D. On behalf of its members, CAGRD should cooperate with non-members to secure additional supplies.

The high growth rate of CAGRD’s replenishment obligation coincides with reductions in supplies of excess CAP water—the preferred source to date of replenishment water. CAGRD has had excess CAP water available to it because those with higher priorities, primarily those with subcontracts to CAP water, have not yet grown into their allocations. As CAGRD’s replenishment needs grow and demand for CAP water by those ahead of CAGRD in priority increases, “traditional” water interests and CAGRD will attempt to obtain rights to the same water supplies to meet AWS requirements.88 CAGRD’s 2004 Plan of Operation acknowledges that it must seek other sources of supply to meet future replenishment obligations. Sources for the “next buckets” of water include Non-Indian Agricultural Water (“NIA Water”), Indian Water Rights Settlement water, mainstem Colorado River water, water from sparsely populated basins west of Phoenix along the CAP canal, and effluent.
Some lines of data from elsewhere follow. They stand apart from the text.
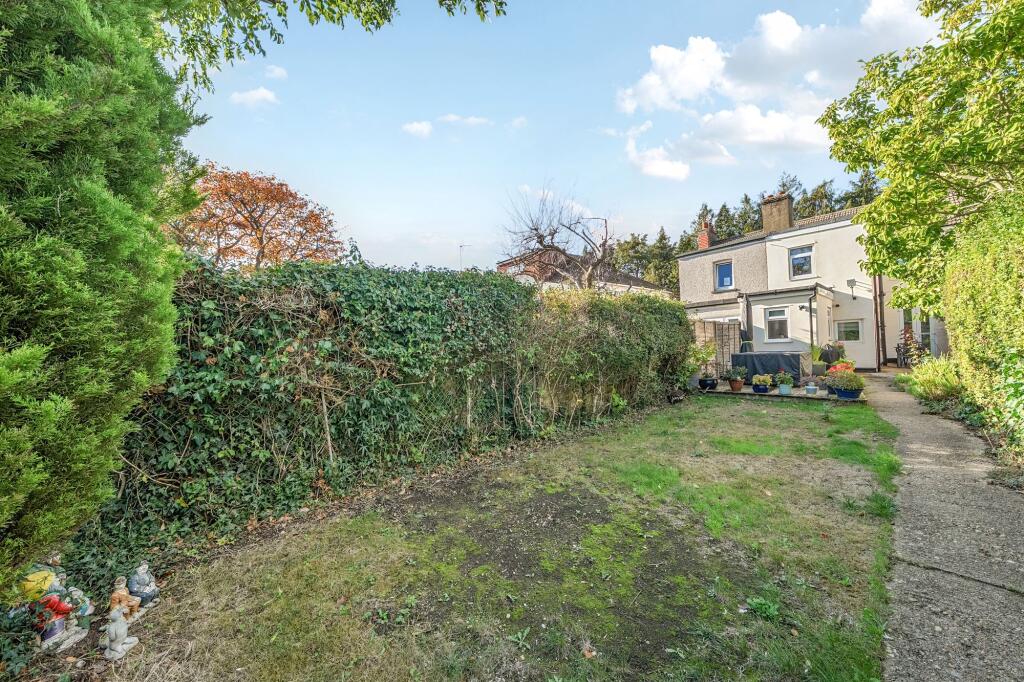 House in Tandridge, Caterham-on-the-Hill - View 4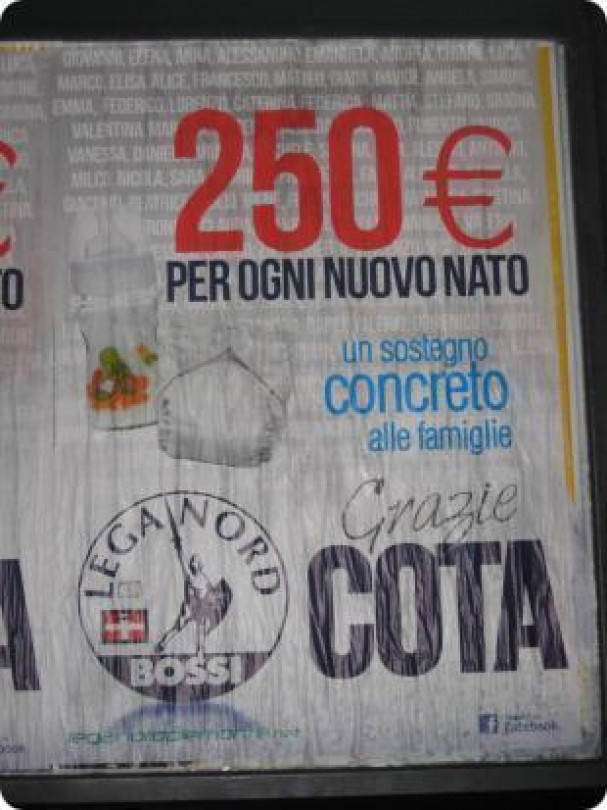 Iniziata la distribuzione dei bonus bebè - Ma i manifesti in città alimentano una polemica
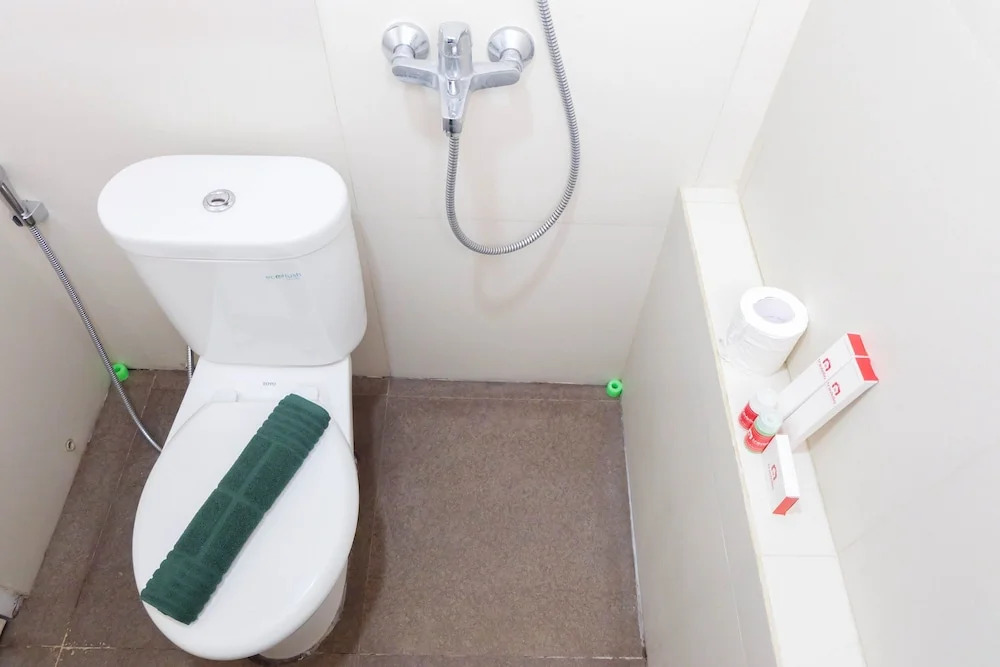 Connect to Pool 2BR Apartment at Bassura City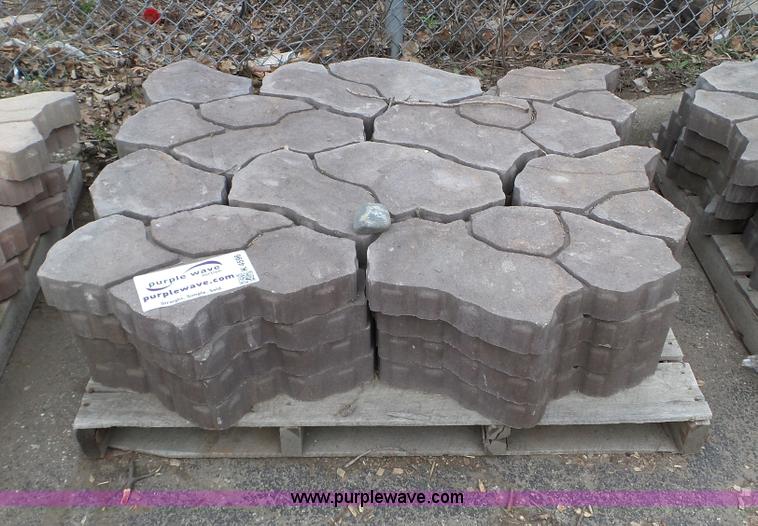 image for item K4596 Approximately 130 OID munich pavers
Virtually all Arizona municipal water providers have cast a covetous eye on these water supplies to fill their future water needs. Many of these options require use of the CAP canal, which is controlled by CAWCD (the parent of CAGRD). To date, only Scottsdale, through its Water Availability Status Membership in CAGRD, has any claim to canal capacity for wheeling water.89 Without access to the CAP canal, the infrastructure costs necessary to deliver these water supplies to a sole customer, even a large municipality, are prohibitive. In the immediate future, the issue of access to the CAP canal is at least as important as finding additional sources of supply.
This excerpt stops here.